Wenn die Pause zwis­chen zwei Sem­i­naren nur dreißig Minuten beträgt, reicht die Zeit oft­mals nur aus, um sich ein Heißgetränk im Café zu kaufen. Das ist bequem, geht schnell und lässt sich auch noch während des näch­sten Sem­i­nars genießen. Einziges Manko: Der Pappbecher. 

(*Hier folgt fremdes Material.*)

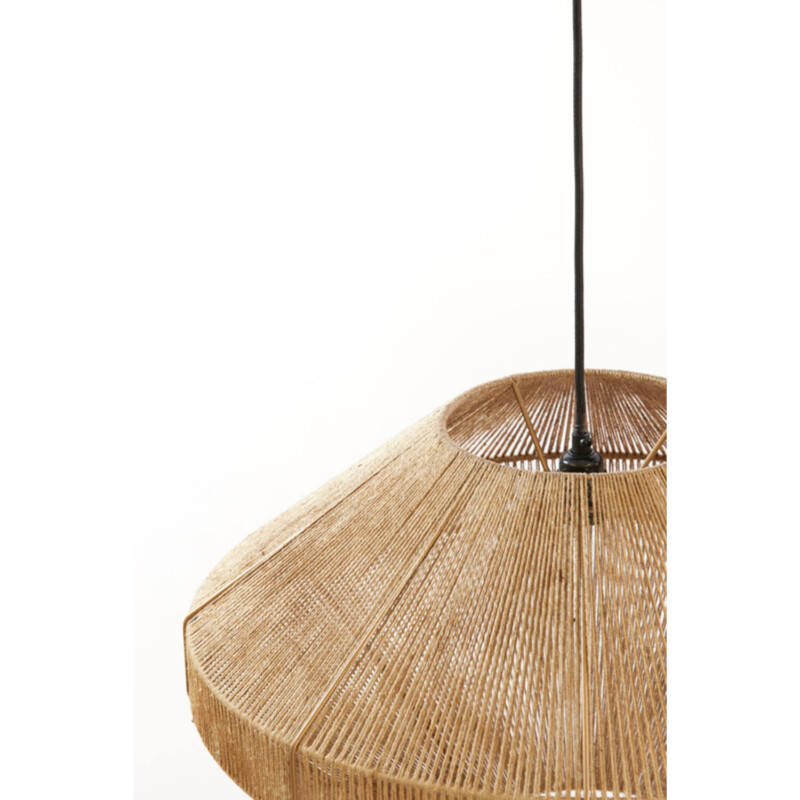 Lámpara colgante natural redonda beige Light and Living Mallow - Imagen 4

Mittwochs in der Cafébar Stein­tor-Cam­pus zwis­chen 11.45 und 13.15 Uhr: Die Schlange an der Kasse reicht bis hin­aus auf die Ter­rasse. Schnell etwas für zwis­chen­durch kaufen, bevor der näch­ste Kurs begin­nt. Ein Baguette und einen Kaf­fee »To Go«. Unge­fähr drei Euro wech­seln den Besitzer für den schnellen Genuss zwis­chen­durch. Zurück bleiben Papiertüten, die schon außer­halb des Cafés wieder wegge­wor­fen wer­den, und Papp­bech­er, die im Ide­al­fall (aber sel­ten) in der Müll­tonne lan­den. Und wenn, dann lei­der nicht fachgerecht getren­nt, da in den öffentlichen Entsorgungsmöglichkeit­en lei­der alles zusammenkommt.

Foto: Lisa Kollien

Im zweit­en Fall, also dem weniger ide­alen, lan­den die Bech­er an äußerst ungewöhn­lichen Orten. Nicht nur lieb­los auf der Straße liegend und von etlichen Füßen und Rädern zu ein­er glat­ten Sch­ablone gepresst, son­dern auf Fen­ster­bänken, in Hau­se­ingän­gen, im Gebüsch, auf Baugerüsten, auf einem Fahrradgepäck­träger raf­finiert eingek­lemmt. Diese Liste ließe sich end­los weit­er­führen, aber das würde den Rah­men sprengen.

Die Masse macht’s

»To Go« ist im Trend. Es geht flott, kann beim Gehen kon­sum­iert wer­den und ist den­noch ein Stückchen Luxus zwis­chen zwei Sem­i­naren – oder allen Gele­gen­heit­en, die sich im Bere­ich von einem Start­punkt A und einem Ziel B befind­en. Das gute daran: Außer Haus sind die Preise in eini­gen Lokalen niedriger, denn statt 19 Prozent wer­den lediglich 7 Prozent Mehrw­ert­s­teuer vom Anbi­eter berech­net. Das kommt auch dem Ver­brauchen­den zugute. All­ge­mein wird han­del­sübliche Pappe aus nachwach­senden und recycel­ten Rohstof­fen hergestellt. Außer­dem spart es den Abwasch, und Mülleimer gibt es an prak­tisch jed­er Ecke.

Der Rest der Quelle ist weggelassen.